▶ Requirement
Please copy only the material from the line that has "Back cover — Idu BERG — Spule / Eins" to the very last line, both ends included, exactly as written and without pictures.

▶ Input data

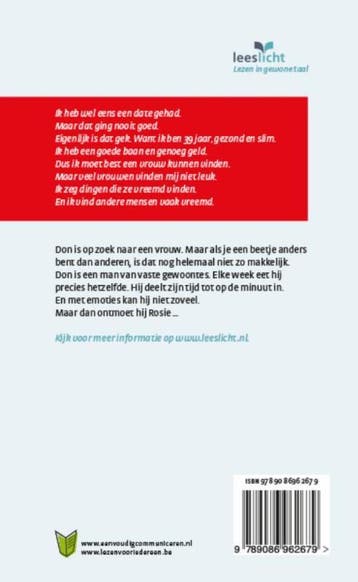 Het Rosie project / Rosie / 1 9789086962679 Graeme Simsion, Verzenden, Zo goed als nieuw, Graeme Simsion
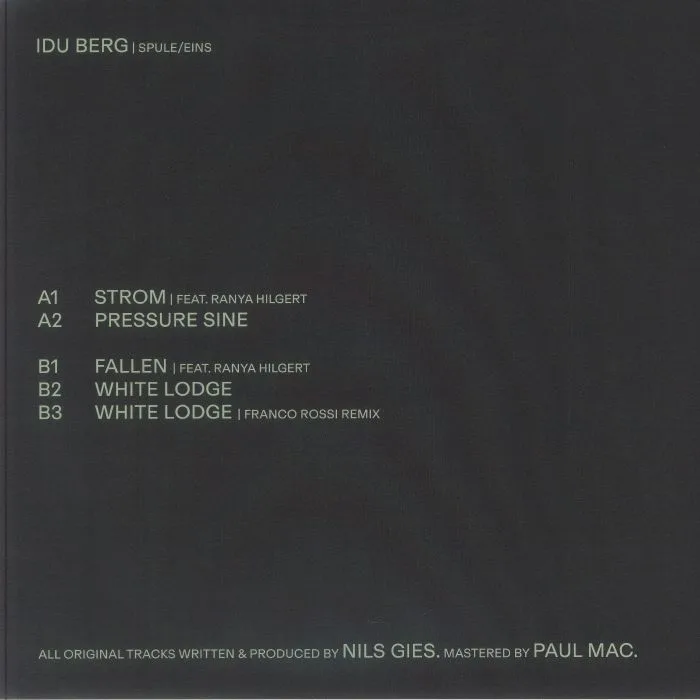 Back cover — Idu BERG — Spule / Eins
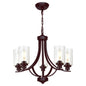 Melucee Marcus Classic Chandelier with Clear Glass Shade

▶ Expected answer
 Back cover — Idu BERG — Spule / Eins
 Melucee Marcus Classic Chandelier with Clear Glass Shade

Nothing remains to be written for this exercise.